REQUIREMENT | Your answer should be only the lines below from the one with "Half Matte False Nail Tips" to the one with "Little Brother Biggest", repeated exactly, ends included.

PROVIDED DATA |
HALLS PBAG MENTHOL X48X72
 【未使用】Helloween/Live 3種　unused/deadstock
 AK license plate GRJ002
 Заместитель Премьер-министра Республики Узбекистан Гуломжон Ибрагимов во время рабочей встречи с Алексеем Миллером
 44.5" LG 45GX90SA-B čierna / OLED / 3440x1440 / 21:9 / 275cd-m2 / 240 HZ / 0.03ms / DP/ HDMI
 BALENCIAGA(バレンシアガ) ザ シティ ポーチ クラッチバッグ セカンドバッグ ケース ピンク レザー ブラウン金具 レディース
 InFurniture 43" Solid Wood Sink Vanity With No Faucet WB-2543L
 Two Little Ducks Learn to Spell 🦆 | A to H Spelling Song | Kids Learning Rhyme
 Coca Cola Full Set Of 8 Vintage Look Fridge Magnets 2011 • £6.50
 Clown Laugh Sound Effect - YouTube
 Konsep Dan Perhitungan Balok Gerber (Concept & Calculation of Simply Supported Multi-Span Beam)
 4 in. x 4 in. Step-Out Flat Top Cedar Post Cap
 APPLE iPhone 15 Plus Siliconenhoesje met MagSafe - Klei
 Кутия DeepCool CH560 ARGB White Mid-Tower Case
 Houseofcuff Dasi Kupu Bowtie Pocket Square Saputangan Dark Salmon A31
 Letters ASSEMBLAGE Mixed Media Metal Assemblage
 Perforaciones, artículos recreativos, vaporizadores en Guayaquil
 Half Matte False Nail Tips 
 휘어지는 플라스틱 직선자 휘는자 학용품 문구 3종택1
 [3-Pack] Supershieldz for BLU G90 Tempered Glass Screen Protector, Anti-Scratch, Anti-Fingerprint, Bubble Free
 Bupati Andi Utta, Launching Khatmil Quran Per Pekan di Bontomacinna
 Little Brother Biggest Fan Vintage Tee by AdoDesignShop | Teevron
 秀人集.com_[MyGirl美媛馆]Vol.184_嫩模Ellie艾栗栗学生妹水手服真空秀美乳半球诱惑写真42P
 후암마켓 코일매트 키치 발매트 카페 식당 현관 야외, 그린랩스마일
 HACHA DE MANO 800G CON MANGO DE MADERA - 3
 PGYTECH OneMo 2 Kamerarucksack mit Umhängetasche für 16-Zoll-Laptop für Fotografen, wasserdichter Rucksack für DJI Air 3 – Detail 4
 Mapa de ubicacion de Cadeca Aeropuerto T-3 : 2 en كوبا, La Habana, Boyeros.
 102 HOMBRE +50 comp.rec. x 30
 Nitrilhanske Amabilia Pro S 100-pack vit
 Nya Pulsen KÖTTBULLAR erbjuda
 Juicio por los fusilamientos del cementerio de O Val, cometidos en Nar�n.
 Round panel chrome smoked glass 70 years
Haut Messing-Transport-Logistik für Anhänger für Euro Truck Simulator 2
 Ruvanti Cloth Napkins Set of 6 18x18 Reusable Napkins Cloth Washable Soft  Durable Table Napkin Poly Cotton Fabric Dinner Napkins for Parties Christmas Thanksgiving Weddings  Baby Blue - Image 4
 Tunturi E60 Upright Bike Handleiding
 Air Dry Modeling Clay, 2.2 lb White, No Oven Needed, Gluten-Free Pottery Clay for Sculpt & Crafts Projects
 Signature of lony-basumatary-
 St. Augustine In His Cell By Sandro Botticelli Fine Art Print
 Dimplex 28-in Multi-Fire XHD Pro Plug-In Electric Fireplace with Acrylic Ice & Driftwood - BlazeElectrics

RESPONSE |
 Half Matte False Nail Tips 
 휘어지는 플라스틱 직선자 휘는자 학용품 문구 3종택1
 [3-Pack] Supershieldz for BLU G90 Tempered Glass Screen Protector, Anti-Scratch, Anti-Fingerprint, Bubble Free
 Bupati Andi Utta, Launching Khatmil Quran Per Pekan di Bontomacinna
 Little Brother Biggest Fan Vintage Tee by AdoDesignShop | Teevron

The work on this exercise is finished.